What if your computer could read?

Today we might type more than we talk, enormous amount of text data has been generated every single minute since digital era. Data is new oil (and even more valuable, for those who know how to blend it). However, a human brain is not sharp at reading large of amount of text. Our eyes are limited of two sides, which disallow a normal person to read more than 200–300 words per minute. According to “The Guinness World Record Book”, Maria Teresa Calderon can read more than 50,000 words per minute: 166 times faster than us (Maria could finish reading this blog, by end of our first two line of this paragraph). Would it be great if all of us can beat Maria in reading by a few line of Python code? The answer is yes! It would be great, with some help from free software fastText, and little understanding of Python scripts

The first task is basic Natural Language Processing (NLP) and apply some technique in “text classification”,which every line of text data can be categorised into assigned groups. For example, banking industry may offer countless of financial services which require written statement from customers. Text classification module (classifier) can read those statement, and categorise them into one of the bank services category. Anyway, machines need to be taught in order to understand human language.

How to start training your machine? In this session, we are going to provide quick-and-dirty written in Python code. First, open your Python shell…and downloading these following dependencies: pandas, fastText, and scikit-learn.

import pandas as pd
path_to_file = './data/consumer_complaints.csv'
df = pd.read_csv(path_to_file, usecols=[1,5], \
    dtype={'consumer_complaint_narrative': object})

US Consumer Finance Complaints data frame(df) contains two important columns.
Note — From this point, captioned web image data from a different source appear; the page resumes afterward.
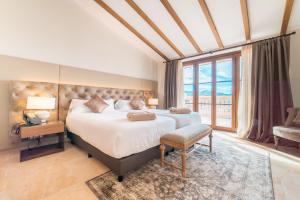 
a bedroom with a large bed and a large window at Hotel Creu de Tau Art&Spa-Adults only in Capdepera
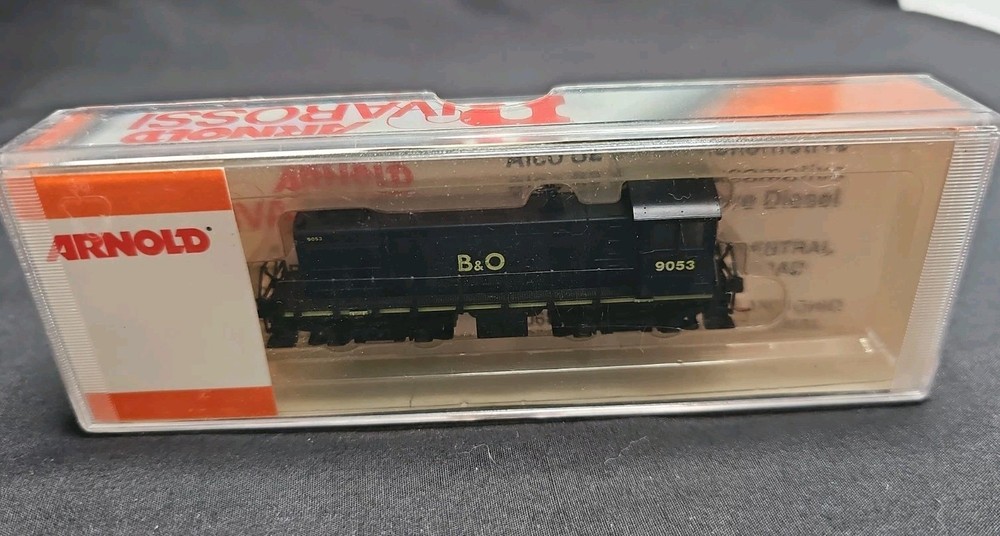 N Arnold 5028 Alco S-2 Diesel loco Baltimore & Ohio #9053 Nos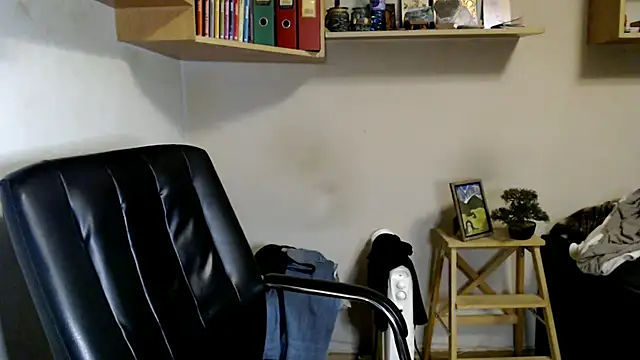 katemodel webcam
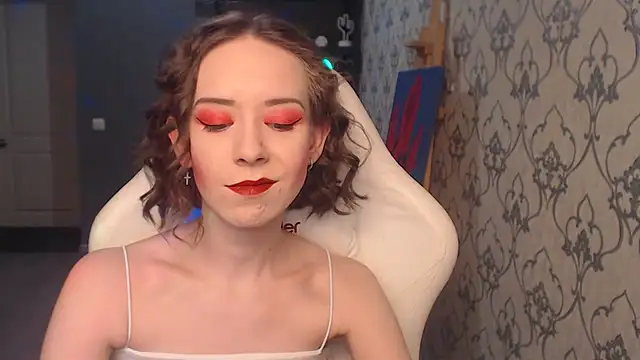 Snapshot of FascinatingEyess chatting on 05/06/26, 05:07 FascinatingEyess online show from 05/06/26, 05:07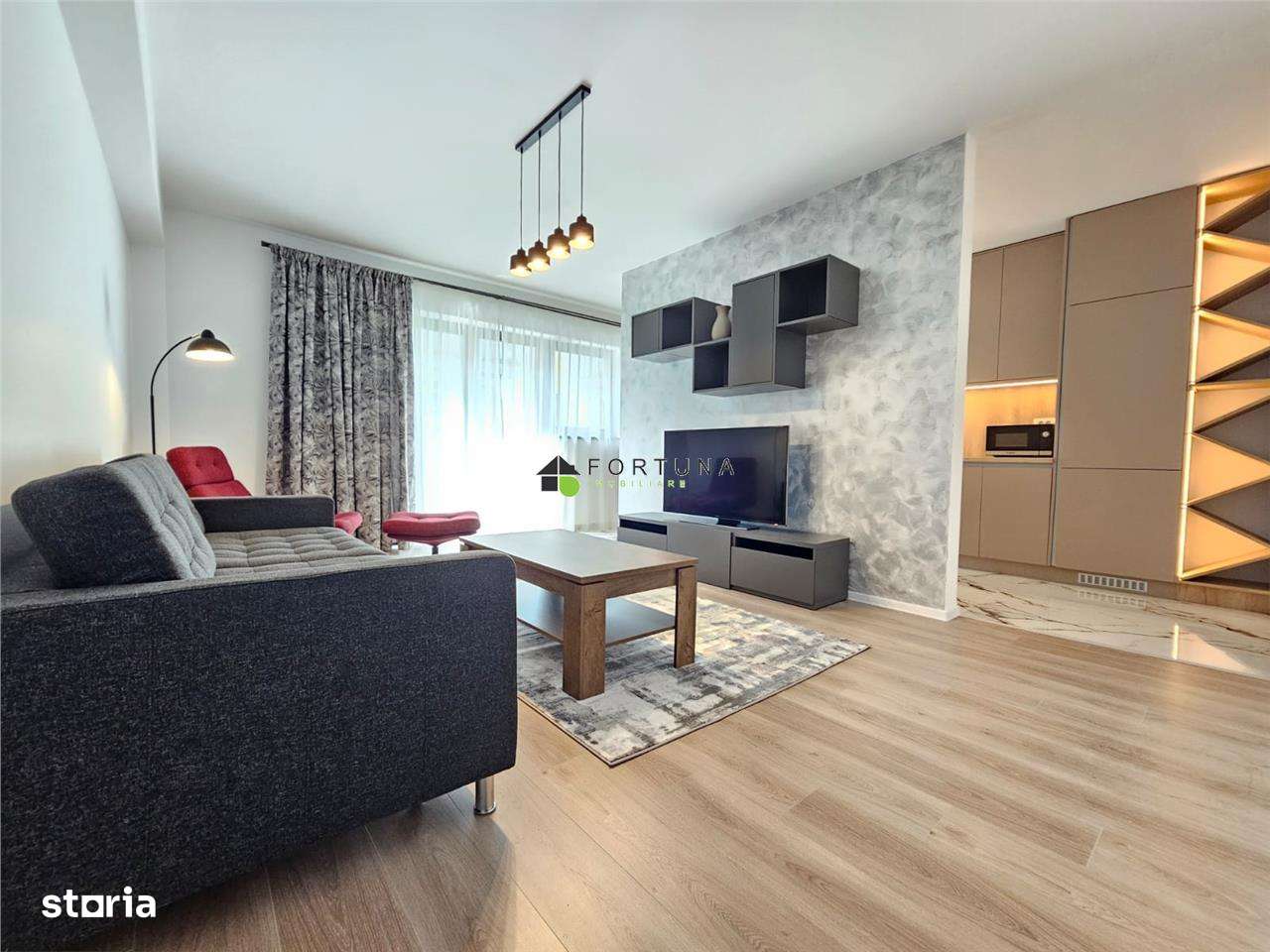 Apartament 2 camere de inchiriat in zona Coresi - Imagine principală: 1/11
We explore [product] that represents available bank sevices and teach our machine to learn customer’s complaints by using [consumercomplaintnarrative]. Before going too deep about this data frame, we should know that how many products are mentioned in the complains and what are the numbers of complains for each products.

from collection import Counter
counts = Counter(df['product'])
# Counter({'Debt collection': 17552, 'Mortgage': 14919, 'Credit reporting': 12526, 'Credit card': 7929, 'Bank account or service': 5711, 'Consumer Loan': 3678, 'Student loan': 2128,
'Prepaid card': 861, 'Payday loan': 726, 'Money transfers': 666, 'Other financial service': 110})

And these following are examples of “Debt Collection” complaints from customers.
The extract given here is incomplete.